Frères Muller

maîtres verriers français
Frères Muller
Lustres gravés.
Catalogue de la verrerie d'Art Muller Frères de Lunéville de l'année 1927.
Période d'activité
Mouvements
signature de Frères Muller
Signature

Les frères Muller, fondateurs de la verrerie Muller Frères à Lunéville, sont des verriers d'art français des époques art nouveau et art Déco. La famille comprend neuf frères et une sœur. Ils seront tous formés aux métiers du travail du verre.
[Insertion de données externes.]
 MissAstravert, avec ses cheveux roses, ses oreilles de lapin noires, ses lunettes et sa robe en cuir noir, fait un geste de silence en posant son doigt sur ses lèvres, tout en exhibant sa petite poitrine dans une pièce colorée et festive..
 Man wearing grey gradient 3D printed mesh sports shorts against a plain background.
Les plus connus sont Eugène Muller (1883-1914), Désiré Muller (1877-1952) et Henri Muller (1868-1936)[1].

Biographie modifier

Si plusieurs ouvrages avancent que les frères Muller, originaires de Kalhausen (Moselle), s'installent à Lunéville en 1870[2], les recherches récentes ont permis d'établir que les frères aînés de cette famille quittent la Moselle pour Nancy dans un but bien précis : ils sont recrutés en 1894 par Émile Gallé[3]. En effet, le maître verrier nancéien modifie sa stratégie de fabrication et rompt ses liens commerciaux avec la verrerie de Meisenthal en 1894.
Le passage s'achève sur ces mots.